[Problem details]: All lines from the one that has "Anime na Babae na Hoodie D.Va Wallpaper" onward to the end of the records below are to be returned exactly; pictures are to be skipped.

[Supplied material]:
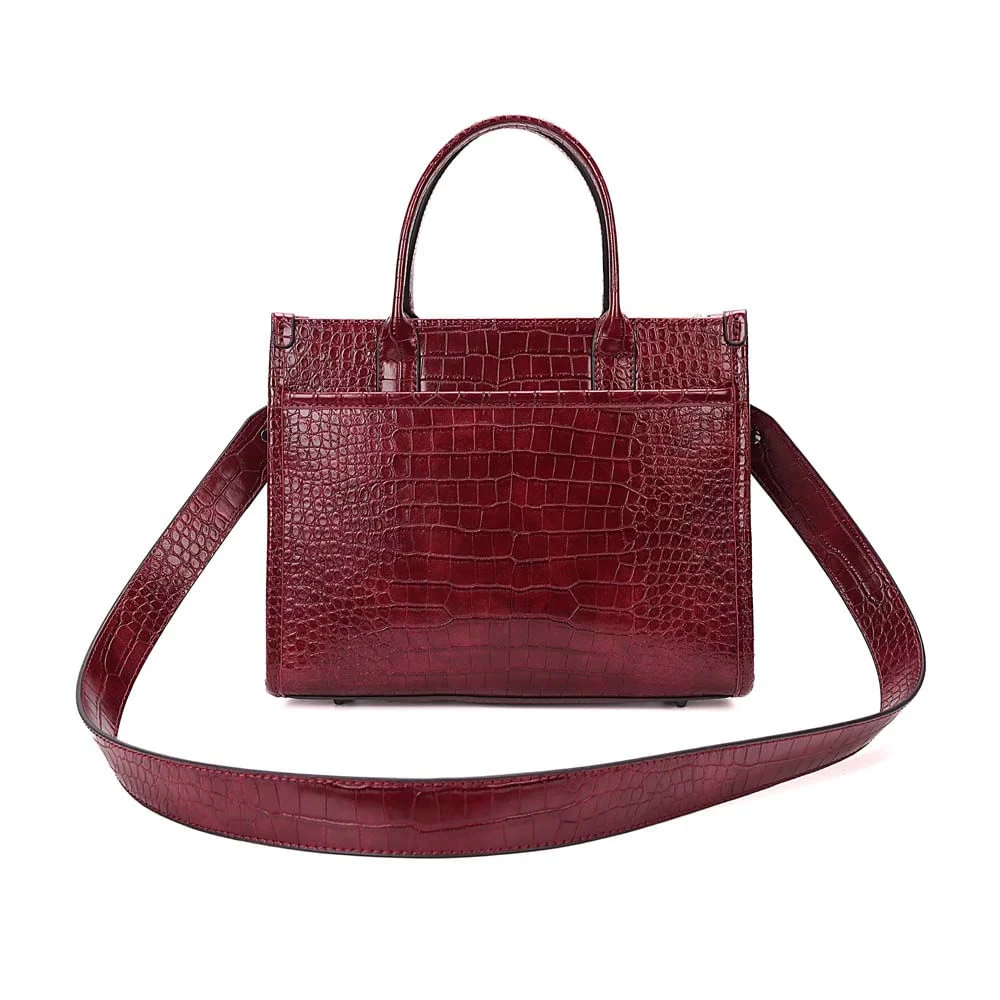 Bolsa Tote Média Croco Roxo Berry Alça Transversal - vista 6 de 8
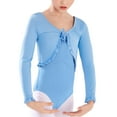 thumbnail image 3 of Hiijoy Toddler Girls Long Sleeve Ballet Leotard Top Ruffle Lace-Up Dance Shirt, Sizes 3-4Y, 3 of 3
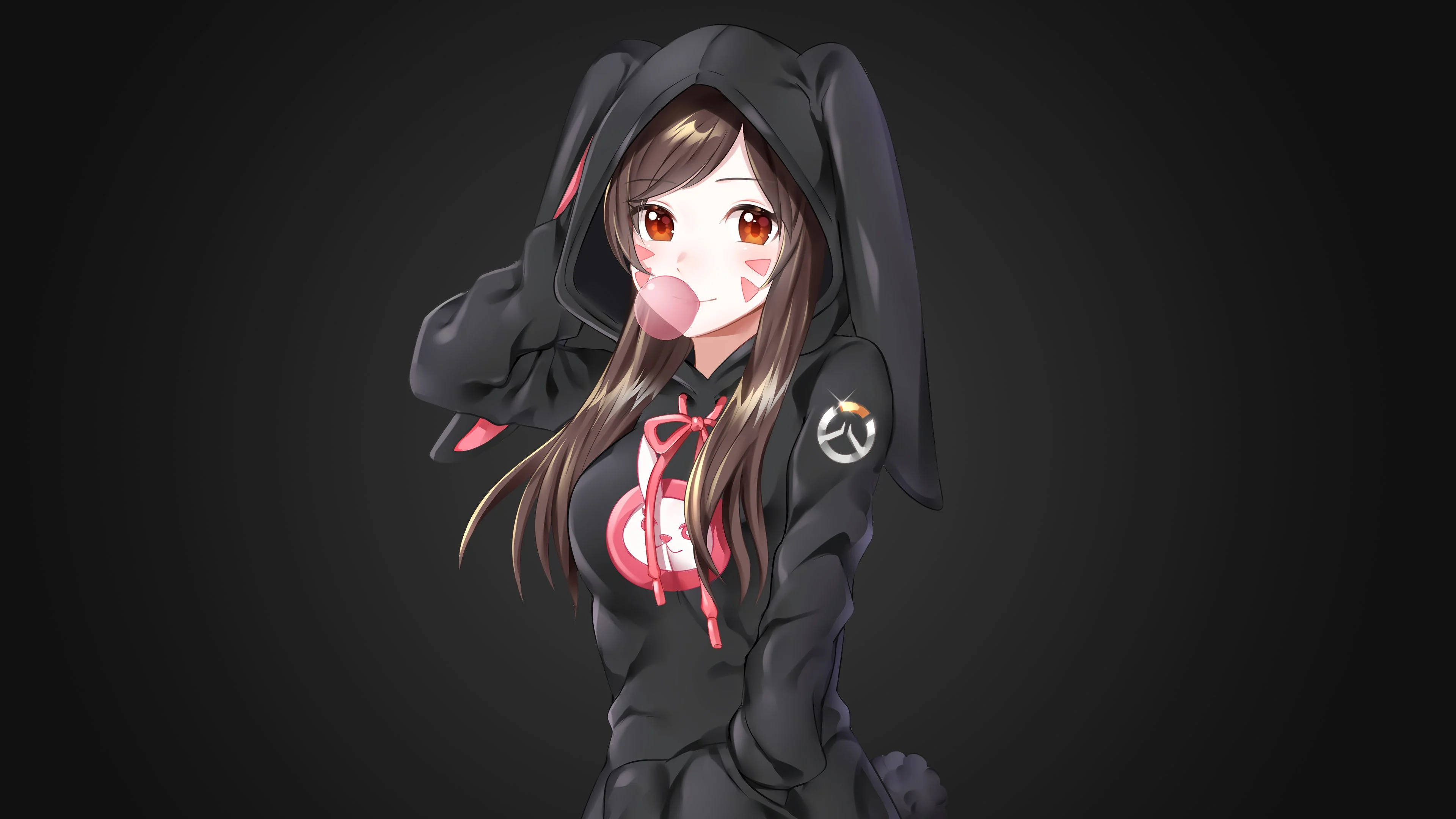 Anime na Babae na Hoodie D.Va Wallpaper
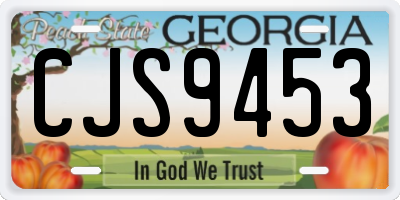 GA license plate CJS9453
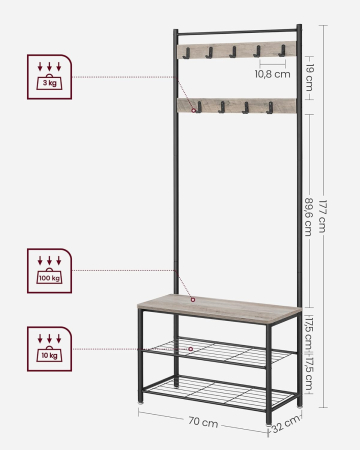 Cuier multifunctional 70x32x175 cm, cu 9 carlige, banca si 2 rafturi pantofi, PAL si otel, gri si negru [2]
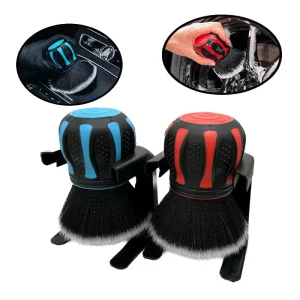 Ergonomic Car Detailing Brush Soft Bristle Wheel & Interior Cleaning Brush For Tire Rim Dashboard Air Vent Auto Detail Tools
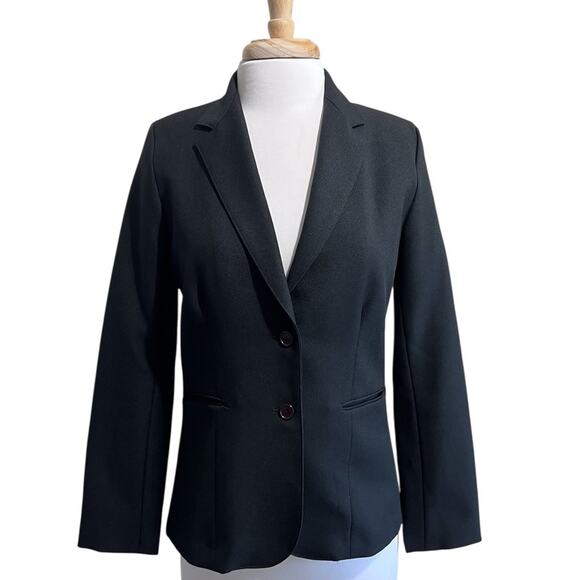 SHIRLEY of ATLANTA Vintage Women's Black Blazer Jacket Size 12 Classic Polyester - Picture 1 of 7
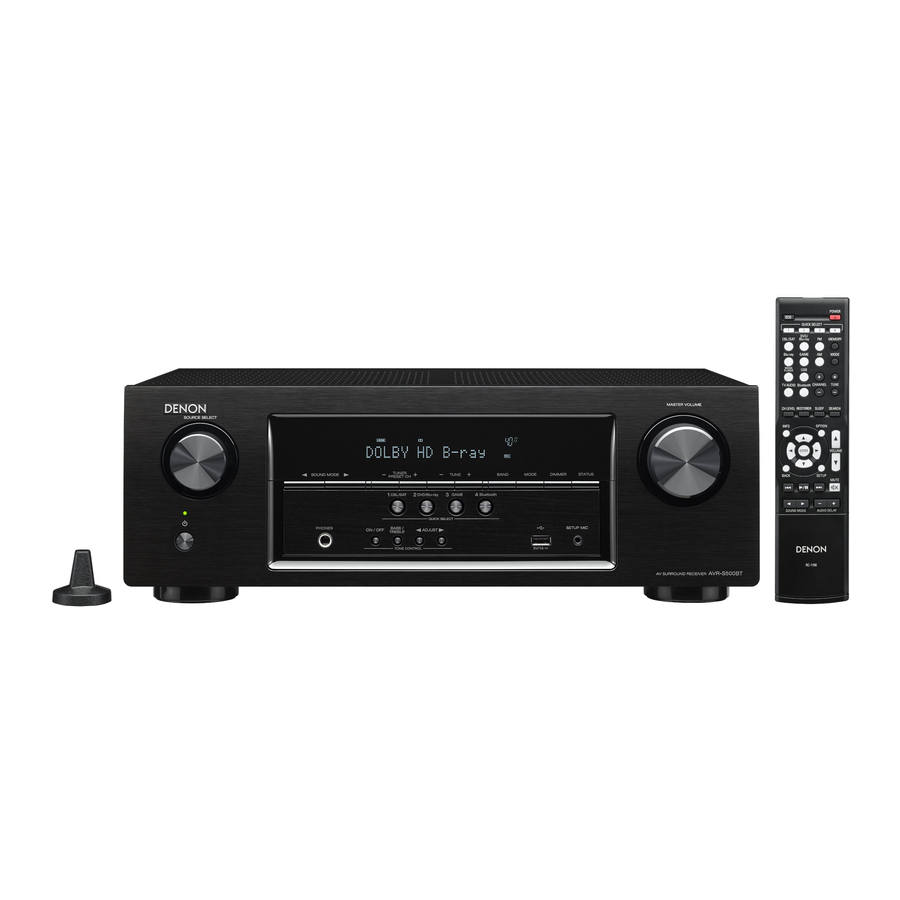 Denon AVR-S500BT - AV SURROUND RECEIVER Quick Start Guide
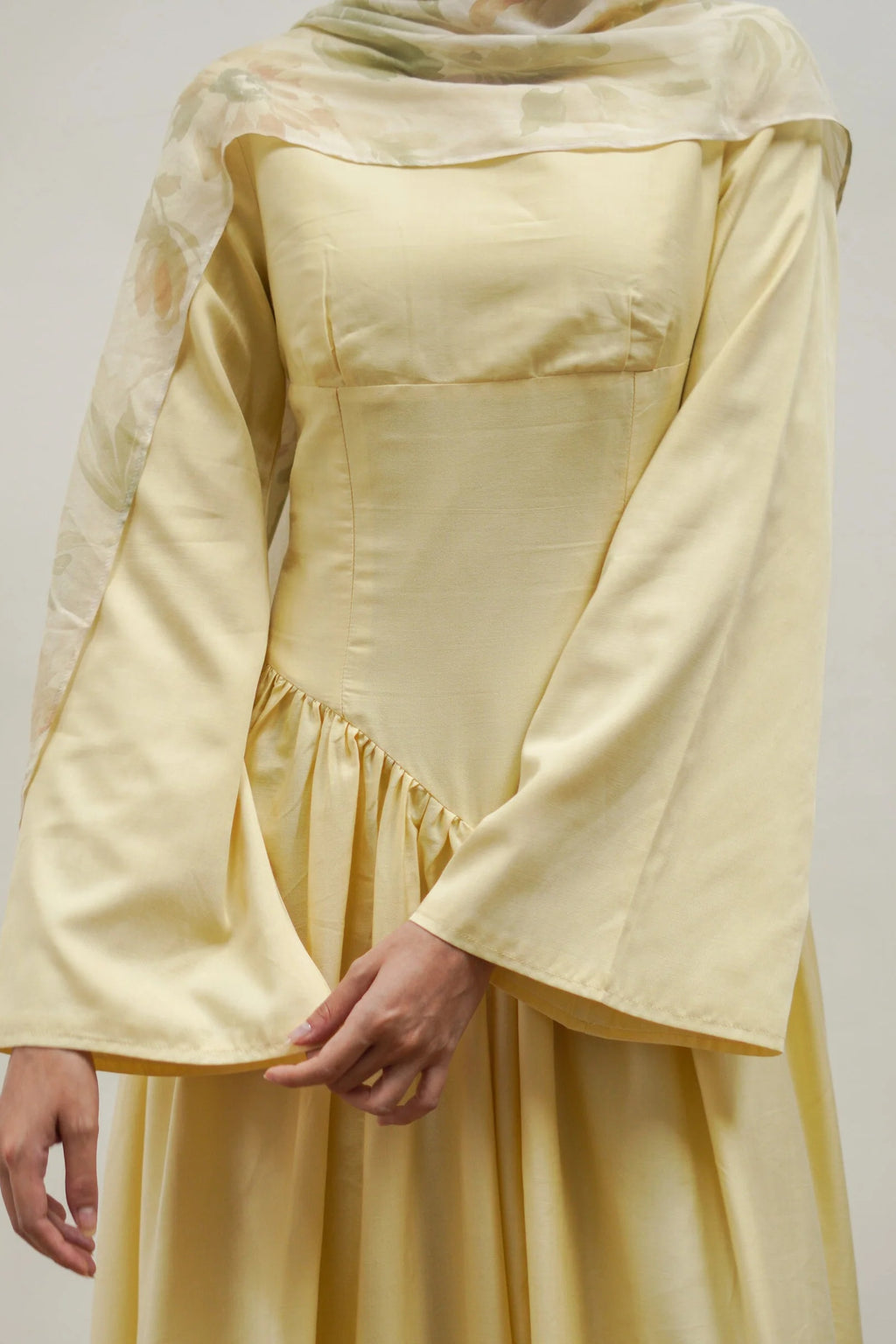 Zora Fitted Flared‑Skirt Modest Dress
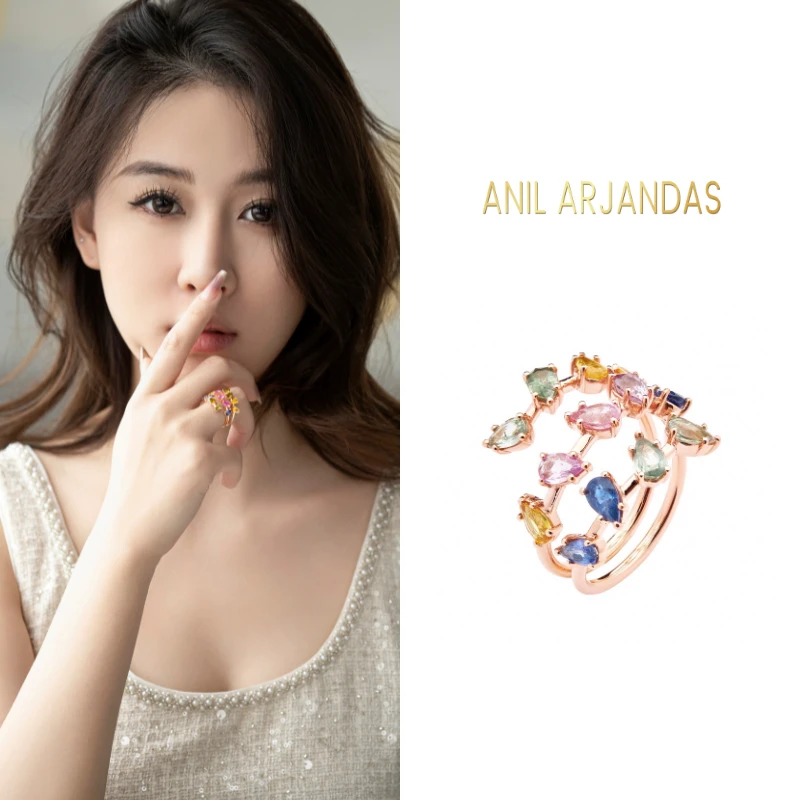 铜合金戒指 彩锆水滴三圈戒指18k闪钻高级设计感小众轻奢圣诞礼物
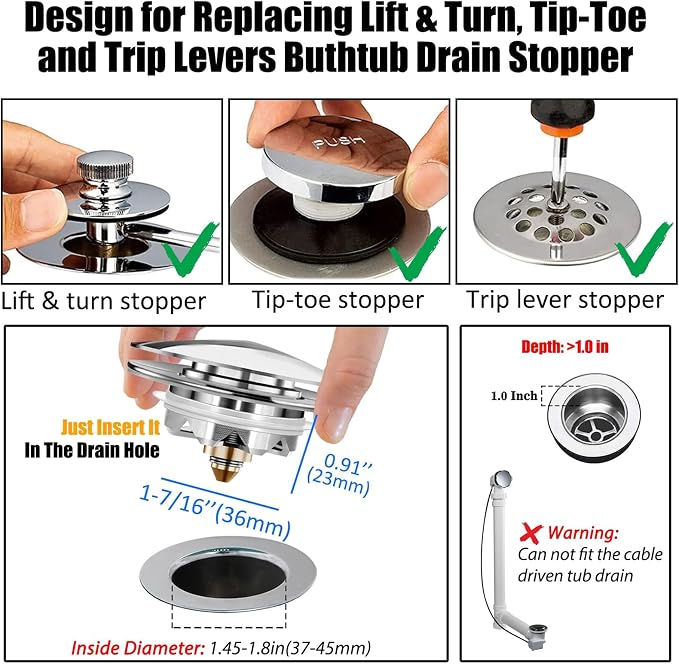 Anlige Bathtub Drain Stopper, Pop Up Tub Stopper and Cover, Bottom - Image 2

[Written response]:
 Anime na Babae na Hoodie D.Va Wallpaper
 GA license plate CJS9453
 Cuier multifunctional 70x32x175 cm, cu 9 carlige, banca si 2 rafturi pantofi, PAL si otel, gri si negru [2]
 Ergonomic Car Detailing Brush Soft Bristle Wheel & Interior Cleaning Brush For Tire Rim Dashboard Air Vent Auto Detail Tools
 SHIRLEY of ATLANTA Vintage Women's Black Blazer Jacket Size 12 Classic Polyester - Picture 1 of 7
 Denon AVR-S500BT - AV SURROUND RECEIVER Quick Start Guide
 Zora Fitted Flared‑Skirt Modest Dress
 铜合金戒指 彩锆水滴三圈戒指18k闪钻高级设计感小众轻奢圣诞礼物
 Anlige Bathtub Drain Stopper, Pop Up Tub Stopper and Cover, Bottom - Image 2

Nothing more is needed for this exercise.